成長か分配か ― “格差が拡大している”、だから分配。“日本は「失われた30年の間」成長しなかった、”だから分配ではなく成長。じゃ、どうする。どうしたらいい。答えがない。それが日本の現在。なにが日本の課題なのか。

その縮図をコロナ禍の1年半に見る。


「緊急事態宣言」を発出し解除、また発出し解除の繰り返し。行動制限をはじめとするコロナ対策によって、これまでとは違う「普通」を強いられていると思ってきた。コロナ禍発生後、日本はずっと「我慢する」「辛抱する」1年半だと思ってきた。日本の時計は1年半前から止まっている。いや止めている。コロナ禍だけでなくコロナ禍前も時計を止めてきた日本。しかしその日本の外では、次のステージに向かって、力強く動いている。


1.「コロナ禍前に戻る」と思っている日本


コロナ禍が収束したら、「こんなことをしたい」「あんなことをしたい」と願っている。コロナ禍が通りすぎたら、コロナ禍前に戻ると思っている。変わりたくない日本人の多くは、そう信じこもうとしている。コロナ禍は「非日常」なので、自らを変えることなく、「緊急避難」的に行動している。
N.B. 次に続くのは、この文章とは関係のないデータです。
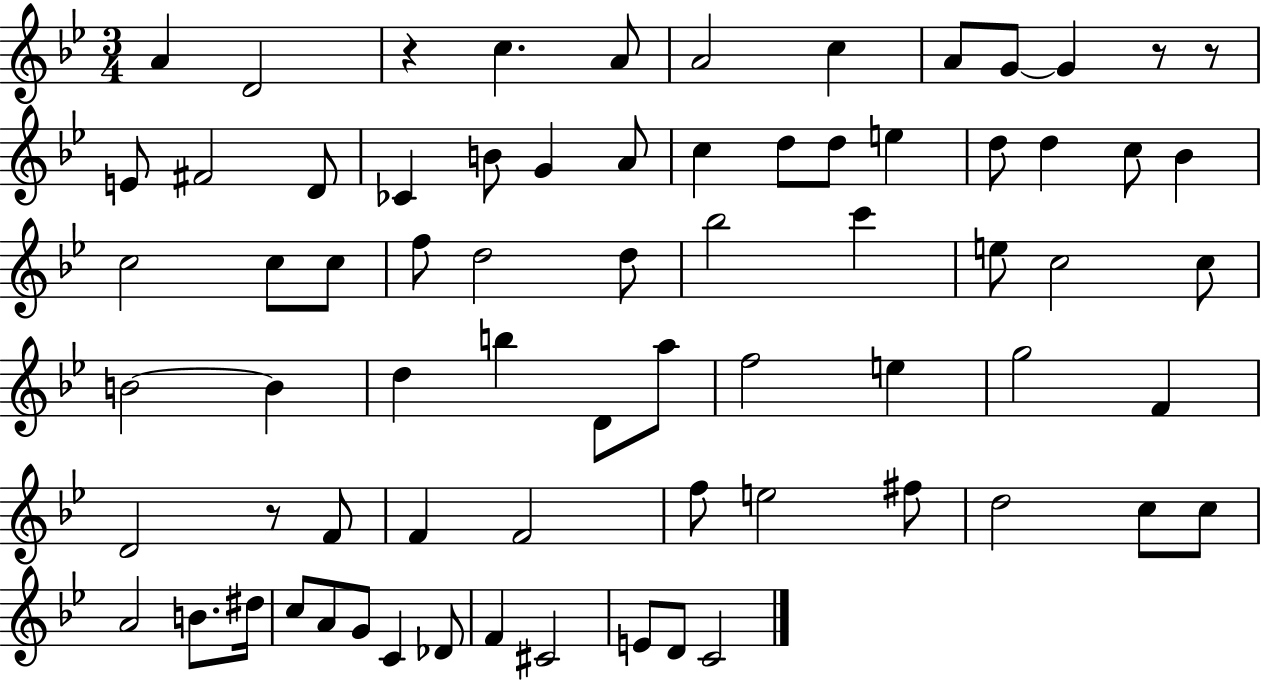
A4/q D4/h R/q C5/q. A4/e A4/h C5/q A4/e G4/e G4/q R/e R/e E4/e F#4/h D4/e CES4/q B4/e G4/q A4/e C5/q D5/e D5/e E5/q D5/e D5/q C5/e Bb4/q C5/h C5/e C5/e F5/e D5/h D5/e Bb5/h C6/q E5/e C5/h C5/e B4/h B4/q D5/q B5/q D4/e A5/e F5/h E5/q G5/h F4/q D4/h R/e F4/e F4/q F4/h F5/e E5/h F#5/e D5/h C5/e C5/e A4/h B4/e. D#5/s C5/e A4/e G4/e C4/q Db4/e F4/q C#4/h E4/e D4/e C4/h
コロナ禍の最中は我慢しておこう。コロナ禍は耐えていたら、必ずおさまる。コロナ禍が収束したら、コロナ禍前に戻る、そう思おうとしている。


一方、世界はコロナ禍前には戻るとは思っていない。コロナ禍で社会的価値観・生活者の意識は大きく変わっている。変化しつつある価値観に対して、コロナ禍後の社会の姿を想像し、そこに向けて自らを変え、新たなモノ・コト・サービスを創造し、試行錯誤しながら、生活・社会・ビジネスをアップデートしようとしている




日本は本音のところ、「コロナ禍前に戻る」と思っている。
とりわけテレワーク。テレワークはコロナ禍変化における最大の「対応策」のひとつである、そのテレワーク利用率は世界と比べて低い。コロナ禍となって強制的に始めたが、”やれ生産性が低いとかコミュニケーションがとれないとかいって、やっぱり会社で仕事をしないと”ということで、コロナ禍2年目になった2021年からテレワーク率は低くなっている。テレワークは有事における緊急避難的措置にすぎないと考えているから、コロナ禍がおちついたら、コロナ禍が収束したら、コロナ禍前の出勤スタイルに戻そうとしている。

コロナ禍となって、1年半が過ぎた。
新規コロナ感染者数が減り、4回目の緊急事態宣言は解除された。コロナ対策ばかりしていたら、経済が傷む。だから早くコロナ前の「普通」に戻さないといけない。これ、正しいのだろうか。世界を見れば、英国やロシアで新規コロナ感染者は急増している。日本も12月から来年1月にかけて感染者が急増するという「予測」も出ている。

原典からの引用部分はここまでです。